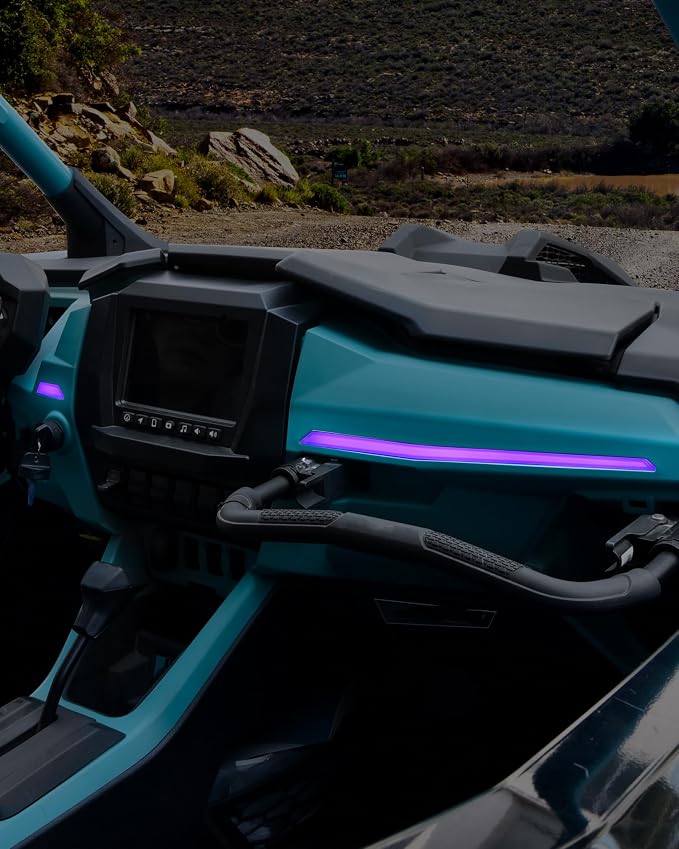 SAUTVS Purple LED Dash Light Assembly for Polaris RZR PRO XP/R/S 2025 2026 Accessories, IP67 Waterproof ABS Material (Replace OEM #2418039, #2418040)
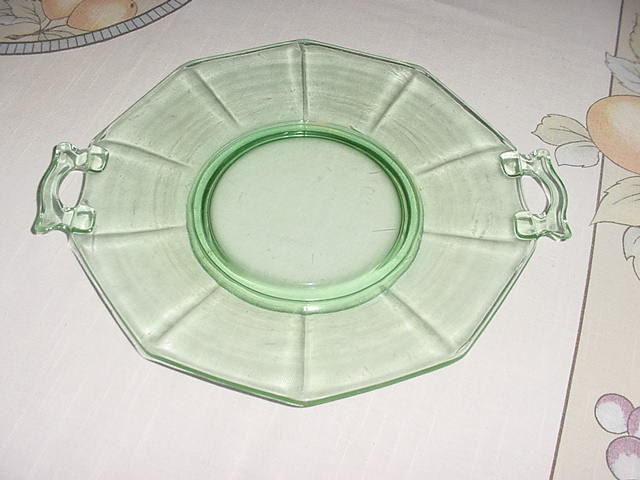 Green Depression Glass Octagon Shaped Handled Platter- Green Depression Glass Platter- Green Glass Plate- Vintage Platter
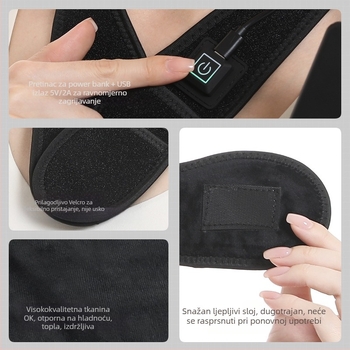 USB napajano grijanje za vrat s daljinskim infracrvenim zagrijavanjem (5V, 8-10W, 3-razinska regulacija temperature, 70 g)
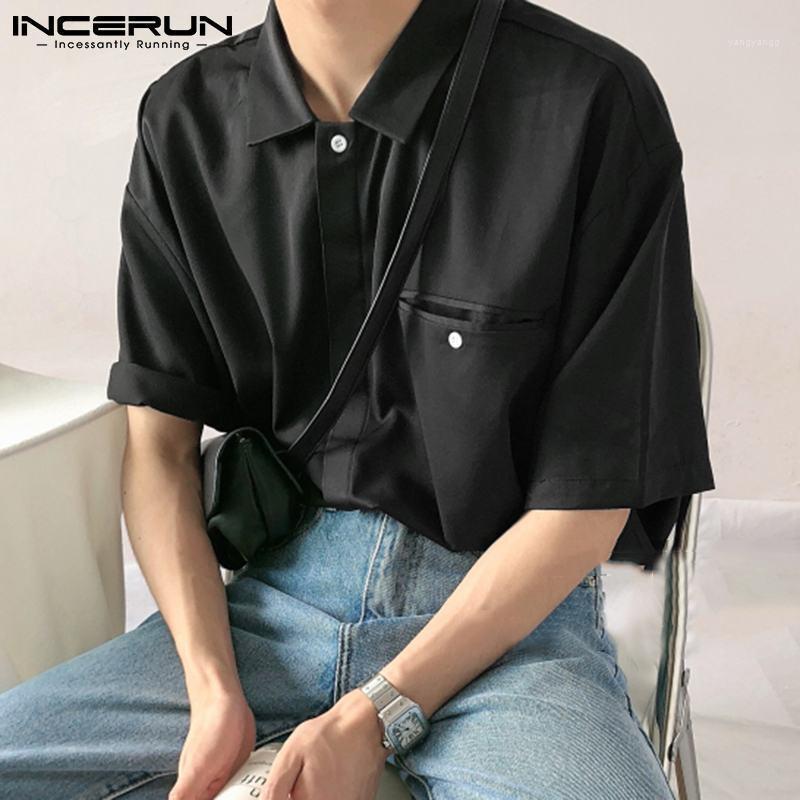 

Short Sleeve Turn Down Collar Blouse INCERUN Men Leisure Solid Color Shirt Man Casual Button Camisa Korean Style Pockets Blusas Men' Shirts, Beige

YOUR ASSIGNMENT: Within the material above, find the part that opens with the line containing "Green Depression Glass Octagon" and closes with the line containing "USB napajano grijanje", and reproduce it exactly without the pictures.

TASK RESPONSE:
 Green Depression Glass Octagon Shaped Handled Platter- Green Depression Glass Platter- Green Glass Plate- Vintage Platter
 USB napajano grijanje za vrat s daljinskim infracrvenim zagrijavanjem (5V, 8-10W, 3-razinska regulacija temperature, 70 g)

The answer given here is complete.